[Stored data entries]
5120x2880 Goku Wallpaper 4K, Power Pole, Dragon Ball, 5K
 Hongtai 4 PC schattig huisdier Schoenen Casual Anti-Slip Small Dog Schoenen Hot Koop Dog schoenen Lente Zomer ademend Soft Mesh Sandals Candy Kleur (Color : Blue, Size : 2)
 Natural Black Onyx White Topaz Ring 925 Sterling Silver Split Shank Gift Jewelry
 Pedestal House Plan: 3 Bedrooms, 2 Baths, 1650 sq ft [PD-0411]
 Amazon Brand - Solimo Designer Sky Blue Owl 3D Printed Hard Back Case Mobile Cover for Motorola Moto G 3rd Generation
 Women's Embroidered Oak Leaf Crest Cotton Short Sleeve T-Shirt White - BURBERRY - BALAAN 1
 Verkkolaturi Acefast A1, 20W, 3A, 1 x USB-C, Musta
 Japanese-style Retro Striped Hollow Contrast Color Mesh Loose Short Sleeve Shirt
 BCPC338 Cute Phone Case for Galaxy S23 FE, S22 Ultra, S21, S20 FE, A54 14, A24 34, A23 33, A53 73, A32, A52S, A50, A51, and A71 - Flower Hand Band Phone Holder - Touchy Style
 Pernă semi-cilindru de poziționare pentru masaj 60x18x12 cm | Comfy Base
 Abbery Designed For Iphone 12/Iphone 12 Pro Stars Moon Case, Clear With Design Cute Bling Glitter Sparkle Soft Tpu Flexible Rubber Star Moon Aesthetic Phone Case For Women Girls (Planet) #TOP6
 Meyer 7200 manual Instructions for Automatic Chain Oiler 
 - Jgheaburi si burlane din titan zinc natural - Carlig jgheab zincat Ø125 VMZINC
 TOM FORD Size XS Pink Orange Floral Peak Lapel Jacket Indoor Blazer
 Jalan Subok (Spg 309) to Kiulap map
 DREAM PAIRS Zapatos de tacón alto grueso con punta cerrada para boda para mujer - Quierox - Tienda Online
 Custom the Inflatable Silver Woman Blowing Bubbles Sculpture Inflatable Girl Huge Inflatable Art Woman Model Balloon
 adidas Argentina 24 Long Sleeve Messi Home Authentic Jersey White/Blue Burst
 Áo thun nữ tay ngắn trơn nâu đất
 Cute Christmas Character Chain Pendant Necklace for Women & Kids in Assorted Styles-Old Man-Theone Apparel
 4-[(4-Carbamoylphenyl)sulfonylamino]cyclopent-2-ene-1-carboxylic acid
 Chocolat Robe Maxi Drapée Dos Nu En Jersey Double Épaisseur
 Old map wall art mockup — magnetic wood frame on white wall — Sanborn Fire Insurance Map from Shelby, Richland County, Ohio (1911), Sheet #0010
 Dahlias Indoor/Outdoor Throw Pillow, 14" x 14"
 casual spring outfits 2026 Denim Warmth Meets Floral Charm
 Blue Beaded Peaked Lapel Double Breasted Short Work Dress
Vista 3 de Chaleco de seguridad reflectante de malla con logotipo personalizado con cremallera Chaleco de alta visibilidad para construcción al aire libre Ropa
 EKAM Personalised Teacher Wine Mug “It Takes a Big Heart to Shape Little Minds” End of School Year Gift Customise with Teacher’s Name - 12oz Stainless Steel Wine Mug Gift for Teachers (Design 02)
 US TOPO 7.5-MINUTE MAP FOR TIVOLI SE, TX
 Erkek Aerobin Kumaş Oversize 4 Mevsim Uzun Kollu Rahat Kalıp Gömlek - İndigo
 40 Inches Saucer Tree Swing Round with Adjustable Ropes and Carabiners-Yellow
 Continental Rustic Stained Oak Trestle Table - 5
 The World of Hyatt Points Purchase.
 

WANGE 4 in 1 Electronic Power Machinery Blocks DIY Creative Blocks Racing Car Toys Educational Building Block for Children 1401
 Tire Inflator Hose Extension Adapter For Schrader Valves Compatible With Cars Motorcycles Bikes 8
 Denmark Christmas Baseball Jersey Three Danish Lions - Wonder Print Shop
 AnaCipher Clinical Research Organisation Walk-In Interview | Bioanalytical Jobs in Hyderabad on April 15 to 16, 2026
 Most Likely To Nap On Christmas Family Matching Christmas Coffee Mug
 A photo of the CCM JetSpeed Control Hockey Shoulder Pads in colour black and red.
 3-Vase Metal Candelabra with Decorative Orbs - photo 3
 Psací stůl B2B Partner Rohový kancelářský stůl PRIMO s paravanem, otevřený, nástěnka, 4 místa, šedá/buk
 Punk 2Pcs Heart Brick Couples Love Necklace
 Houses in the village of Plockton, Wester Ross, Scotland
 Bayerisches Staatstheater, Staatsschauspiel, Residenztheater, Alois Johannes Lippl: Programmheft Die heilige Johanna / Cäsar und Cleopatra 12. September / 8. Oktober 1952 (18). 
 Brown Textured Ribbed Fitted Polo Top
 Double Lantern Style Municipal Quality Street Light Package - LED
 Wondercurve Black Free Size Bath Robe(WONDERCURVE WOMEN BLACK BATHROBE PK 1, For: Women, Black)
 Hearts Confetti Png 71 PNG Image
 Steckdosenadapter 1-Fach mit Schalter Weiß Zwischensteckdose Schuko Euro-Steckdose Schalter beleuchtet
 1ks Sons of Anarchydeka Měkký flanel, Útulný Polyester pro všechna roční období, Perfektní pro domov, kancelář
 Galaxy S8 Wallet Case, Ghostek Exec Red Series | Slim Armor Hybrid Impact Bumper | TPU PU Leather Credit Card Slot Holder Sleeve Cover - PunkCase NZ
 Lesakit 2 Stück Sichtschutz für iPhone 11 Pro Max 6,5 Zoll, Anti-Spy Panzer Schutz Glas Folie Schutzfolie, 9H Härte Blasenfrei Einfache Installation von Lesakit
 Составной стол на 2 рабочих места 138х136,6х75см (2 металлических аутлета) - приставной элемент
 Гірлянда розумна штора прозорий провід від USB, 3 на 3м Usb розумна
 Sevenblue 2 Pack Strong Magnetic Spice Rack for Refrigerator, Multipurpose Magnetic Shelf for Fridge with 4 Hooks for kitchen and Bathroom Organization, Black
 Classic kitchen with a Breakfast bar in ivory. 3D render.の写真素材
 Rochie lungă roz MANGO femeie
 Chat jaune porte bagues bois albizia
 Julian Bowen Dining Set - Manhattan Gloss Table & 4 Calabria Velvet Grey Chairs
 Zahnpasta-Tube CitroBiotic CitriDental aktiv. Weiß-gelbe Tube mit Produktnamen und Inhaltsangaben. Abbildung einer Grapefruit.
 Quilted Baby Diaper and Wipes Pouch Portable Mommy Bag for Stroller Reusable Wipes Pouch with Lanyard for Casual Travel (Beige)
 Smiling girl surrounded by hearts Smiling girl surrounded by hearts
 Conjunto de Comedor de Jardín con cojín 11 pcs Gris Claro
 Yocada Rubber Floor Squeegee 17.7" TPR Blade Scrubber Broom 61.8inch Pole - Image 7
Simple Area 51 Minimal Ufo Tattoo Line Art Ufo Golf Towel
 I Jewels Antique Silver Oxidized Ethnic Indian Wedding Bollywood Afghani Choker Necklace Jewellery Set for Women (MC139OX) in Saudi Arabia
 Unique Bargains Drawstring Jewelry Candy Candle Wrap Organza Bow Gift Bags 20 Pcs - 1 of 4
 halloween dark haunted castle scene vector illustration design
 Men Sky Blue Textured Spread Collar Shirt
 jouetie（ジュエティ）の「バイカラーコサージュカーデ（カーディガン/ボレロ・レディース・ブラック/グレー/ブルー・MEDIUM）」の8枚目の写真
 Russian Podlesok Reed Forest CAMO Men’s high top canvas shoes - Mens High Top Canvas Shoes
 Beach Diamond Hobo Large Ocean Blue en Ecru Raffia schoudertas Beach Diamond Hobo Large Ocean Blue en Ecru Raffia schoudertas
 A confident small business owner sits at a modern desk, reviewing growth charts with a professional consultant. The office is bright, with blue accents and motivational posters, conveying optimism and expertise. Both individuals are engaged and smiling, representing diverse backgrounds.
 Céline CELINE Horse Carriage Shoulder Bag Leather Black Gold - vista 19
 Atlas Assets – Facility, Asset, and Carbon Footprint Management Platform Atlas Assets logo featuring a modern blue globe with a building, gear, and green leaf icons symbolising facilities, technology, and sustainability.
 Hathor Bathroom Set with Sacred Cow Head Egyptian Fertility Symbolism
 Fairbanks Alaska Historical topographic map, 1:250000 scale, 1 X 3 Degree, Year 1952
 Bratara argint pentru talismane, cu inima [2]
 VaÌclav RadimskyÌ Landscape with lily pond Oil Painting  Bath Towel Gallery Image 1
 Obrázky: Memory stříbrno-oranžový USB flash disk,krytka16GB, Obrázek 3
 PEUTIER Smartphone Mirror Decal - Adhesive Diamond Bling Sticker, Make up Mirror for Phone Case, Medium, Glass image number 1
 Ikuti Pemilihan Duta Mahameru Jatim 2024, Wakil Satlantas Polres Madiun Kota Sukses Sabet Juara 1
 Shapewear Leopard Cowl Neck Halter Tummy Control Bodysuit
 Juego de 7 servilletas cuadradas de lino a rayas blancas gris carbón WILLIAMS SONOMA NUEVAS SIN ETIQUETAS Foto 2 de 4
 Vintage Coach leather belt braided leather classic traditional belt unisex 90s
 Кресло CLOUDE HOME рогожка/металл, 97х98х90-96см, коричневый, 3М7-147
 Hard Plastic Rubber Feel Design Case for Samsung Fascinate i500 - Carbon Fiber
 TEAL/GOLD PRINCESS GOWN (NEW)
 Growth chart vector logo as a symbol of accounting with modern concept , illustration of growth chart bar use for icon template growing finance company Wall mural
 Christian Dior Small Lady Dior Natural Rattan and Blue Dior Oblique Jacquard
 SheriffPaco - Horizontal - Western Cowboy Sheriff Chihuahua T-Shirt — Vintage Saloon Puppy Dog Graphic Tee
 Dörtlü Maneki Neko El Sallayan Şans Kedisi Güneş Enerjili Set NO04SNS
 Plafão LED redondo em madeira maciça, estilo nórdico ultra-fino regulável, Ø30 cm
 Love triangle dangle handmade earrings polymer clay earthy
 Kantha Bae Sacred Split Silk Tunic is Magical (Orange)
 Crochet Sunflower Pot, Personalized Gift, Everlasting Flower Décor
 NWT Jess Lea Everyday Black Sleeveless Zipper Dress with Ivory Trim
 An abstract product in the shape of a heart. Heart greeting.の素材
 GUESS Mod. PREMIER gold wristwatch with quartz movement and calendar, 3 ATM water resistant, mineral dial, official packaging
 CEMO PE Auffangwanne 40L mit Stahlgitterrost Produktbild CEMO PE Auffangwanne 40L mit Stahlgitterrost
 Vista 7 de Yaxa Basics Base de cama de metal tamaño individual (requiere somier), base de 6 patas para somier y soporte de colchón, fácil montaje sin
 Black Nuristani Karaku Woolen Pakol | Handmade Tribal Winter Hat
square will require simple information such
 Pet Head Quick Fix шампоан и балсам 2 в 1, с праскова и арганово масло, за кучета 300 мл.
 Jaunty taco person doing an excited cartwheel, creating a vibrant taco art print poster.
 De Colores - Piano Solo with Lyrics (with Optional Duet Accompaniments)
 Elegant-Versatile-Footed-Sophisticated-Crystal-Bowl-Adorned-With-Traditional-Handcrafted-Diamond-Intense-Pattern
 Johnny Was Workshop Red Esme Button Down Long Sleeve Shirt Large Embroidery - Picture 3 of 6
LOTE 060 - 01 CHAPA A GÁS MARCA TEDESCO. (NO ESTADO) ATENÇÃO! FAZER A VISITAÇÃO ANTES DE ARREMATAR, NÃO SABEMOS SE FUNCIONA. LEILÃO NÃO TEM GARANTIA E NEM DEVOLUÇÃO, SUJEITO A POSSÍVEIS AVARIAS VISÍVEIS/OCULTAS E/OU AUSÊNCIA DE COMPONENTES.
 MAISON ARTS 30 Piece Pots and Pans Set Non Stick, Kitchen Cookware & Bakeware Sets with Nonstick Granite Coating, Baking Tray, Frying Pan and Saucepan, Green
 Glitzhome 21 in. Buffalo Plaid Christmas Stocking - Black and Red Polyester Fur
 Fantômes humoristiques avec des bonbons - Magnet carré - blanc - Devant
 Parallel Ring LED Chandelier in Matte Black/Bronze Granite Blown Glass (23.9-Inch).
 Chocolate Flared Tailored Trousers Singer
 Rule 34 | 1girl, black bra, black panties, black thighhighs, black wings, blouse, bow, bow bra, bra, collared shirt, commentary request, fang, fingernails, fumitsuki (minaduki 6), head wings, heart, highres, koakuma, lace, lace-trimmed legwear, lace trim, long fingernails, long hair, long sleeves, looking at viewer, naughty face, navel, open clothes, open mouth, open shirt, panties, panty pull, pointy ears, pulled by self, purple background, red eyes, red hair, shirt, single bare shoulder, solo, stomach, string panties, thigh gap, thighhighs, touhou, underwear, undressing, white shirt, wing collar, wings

Task directions:
Please output only the lines from the first line of the entries through the line with "Blue Beaded Peaked", both included, exactly as written.

Response to the task:
5120x2880 Goku Wallpaper 4K, Power Pole, Dragon Ball, 5K
 Hongtai 4 PC schattig huisdier Schoenen Casual Anti-Slip Small Dog Schoenen Hot Koop Dog schoenen Lente Zomer ademend Soft Mesh Sandals Candy Kleur (Color : Blue, Size : 2)
 Natural Black Onyx White Topaz Ring 925 Sterling Silver Split Shank Gift Jewelry
 Pedestal House Plan: 3 Bedrooms, 2 Baths, 1650 sq ft [PD-0411]
 Amazon Brand - Solimo Designer Sky Blue Owl 3D Printed Hard Back Case Mobile Cover for Motorola Moto G 3rd Generation
 Women's Embroidered Oak Leaf Crest Cotton Short Sleeve T-Shirt White - BURBERRY - BALAAN 1
 Verkkolaturi Acefast A1, 20W, 3A, 1 x USB-C, Musta
 Japanese-style Retro Striped Hollow Contrast Color Mesh Loose Short Sleeve Shirt
 BCPC338 Cute Phone Case for Galaxy S23 FE, S22 Ultra, S21, S20 FE, A54 14, A24 34, A23 33, A53 73, A32, A52S, A50, A51, and A71 - Flower Hand Band Phone Holder - Touchy Style
 Pernă semi-cilindru de poziționare pentru masaj 60x18x12 cm | Comfy Base
 Abbery Designed For Iphone 12/Iphone 12 Pro Stars Moon Case, Clear With Design Cute Bling Glitter Sparkle Soft Tpu Flexible Rubber Star Moon Aesthetic Phone Case For Women Girls (Planet) #TOP6
 Meyer 7200 manual Instructions for Automatic Chain Oiler 
 - Jgheaburi si burlane din titan zinc natural - Carlig jgheab zincat Ø125 VMZINC
 TOM FORD Size XS Pink Orange Floral Peak Lapel Jacket Indoor Blazer
 Jalan Subok (Spg 309) to Kiulap map
 DREAM PAIRS Zapatos de tacón alto grueso con punta cerrada para boda para mujer - Quierox - Tienda Online
 Custom the Inflatable Silver Woman Blowing Bubbles Sculpture Inflatable Girl Huge Inflatable Art Woman Model Balloon
 adidas Argentina 24 Long Sleeve Messi Home Authentic Jersey White/Blue Burst
 Áo thun nữ tay ngắn trơn nâu đất
 Cute Christmas Character Chain Pendant Necklace for Women & Kids in Assorted Styles-Old Man-Theone Apparel
 4-[(4-Carbamoylphenyl)sulfonylamino]cyclopent-2-ene-1-carboxylic acid
 Chocolat Robe Maxi Drapée Dos Nu En Jersey Double Épaisseur
 Old map wall art mockup — magnetic wood frame on white wall — Sanborn Fire Insurance Map from Shelby, Richland County, Ohio (1911), Sheet #0010
 Dahlias Indoor/Outdoor Throw Pillow, 14" x 14"
 casual spring outfits 2026 Denim Warmth Meets Floral Charm
 Blue Beaded Peaked Lapel Double Breasted Short Work Dress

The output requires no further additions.